We’re pleased to announce the release of MSMBuilder v3.3.0. The focus of this release is a completely re-written module for constructing HMMs as well as bug fixes and incremental improvements.

API Changes

  • FeatureUnion is an estimator that deprecates the functionality of UnionDataset. Passing a list of paths to dataset() will no longer automatically yield a UnionDataset. This behavior is still available by specifying fmt="dir-npy-union", but is deprecated (#611).
  • The command line flag for featurizers --out (deprecated in 3.2) now saves the featurizer as a pickle file (#546). Please use --transformed for the old behavior. This is consistent with other command-line commands.
  • The default number of timescales in MarkovStateModel is now one less than the number of states (was 10).

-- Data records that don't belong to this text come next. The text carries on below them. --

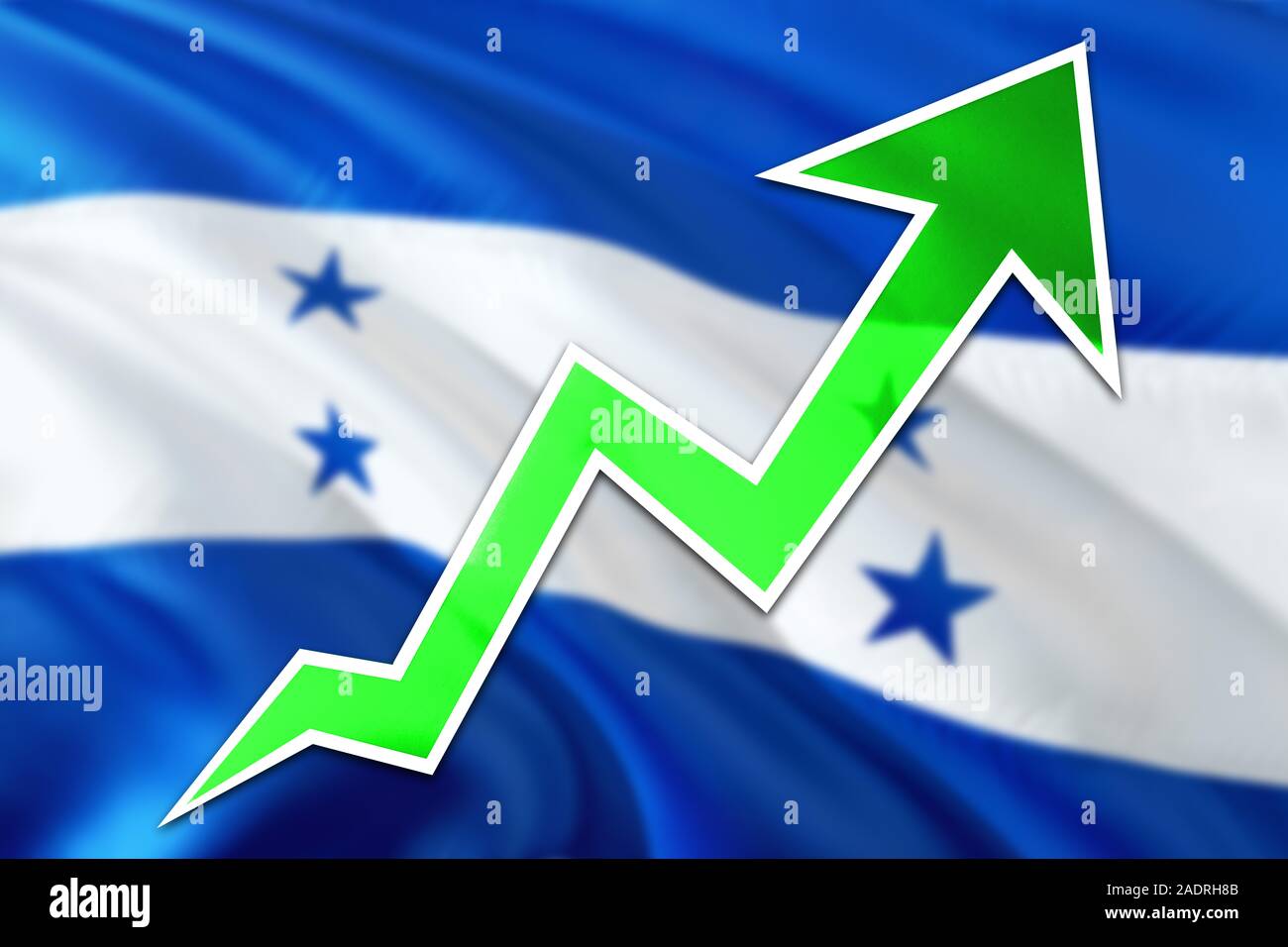 Honduras economy graph is indicating positive growth, green arrow going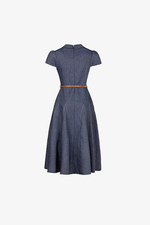 Đầm denim dáng xòe viền chỉ
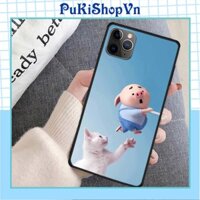 ỐP LƯNG TRÁNG GƯƠNG KÍNH CƯỜNG LỰC IPHONE, SAMSUNG ĐÁNG YÊU HEO VÀ MÈO - PUKISHOPVN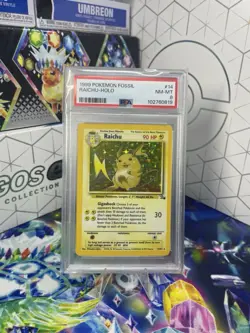 1999 Pokemon Fossil Raichu Holo 1st Edition Card #14/62 PSA 8 Near Mint Rare - Image 1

This addresses some bugs with implied_timescales and PCCA(+) (#603).

New Features

  • GaussianHMM and VonMisesHMM is rewritten to feature higher code reuse and code quality (#583, #582, #584, #572, #570).
  • KDTree can find n nearest points to e.g. a cluster center (#599).
  • Slicer featurizer can slice feature arrays as part of a pipeline (#567).

Improvements

  • PCCAPlus is compatible with scipy 0.16 (#620).
  • Documentation improvements (#618, #608, #604, #602)
  • Test improvements, especially for Windows (#593, #590, #588, #579, #578, #577, #576)
  • Bug fix: MarkovStateModel.sample() produced trajectories of incorrect length. This function is still deprecated (#556).
  • Bug fix: The muller example dataset did not respect users’ specifications for initial coordinates (#631).
  • MarkovStateModel.draw_samples failed if discrete trajectories did not contain every possible state (#638). Function can now accept a single trajectory, as well as a list of them.
  • SuperposeFeaturizer now respects the topology argument when loading the reference trajectory (#555).

v3.2 (April 14, 2015)

  • tICA ignores too-short trajectories during fitting instead of raising an exception
  • New methods for sampling from MSM models
  • Datasets can be opened in “append” mode
  • Compatibility with scipy 0.16
  • utils.dump saves using the pickle protocol. utils.load is backwards compatible.
  • The command line flag for featurizers --out is deprecated. Use --transformed instead. This is consistent with other command-line commands.
  • Bug fixes

v3.1 (Feb 27, 2015)

  • Numerous improvements to ContinuousTimeMSM optimization
  • Switch ContinuousTimeMSM.score to transmat-style GMRQ
  • New example dataset with Muller potential
  • Assorted bug fixes in the command line layer

v3.0.1 (January 9, 2015)

  • Fix missing file on PyPI.

v3.0.0 (January 9, 2015)

MSMBuilder 3.0 is a complete rewrite of our previous work. The focus is on power and extensibility, with a much wider class of estimators and models supported throughout the codebase. All users are encouraged to switch to MSMBuilder 3.0. Pre-release versions of MSMBuilder 3.0 were called mixtape.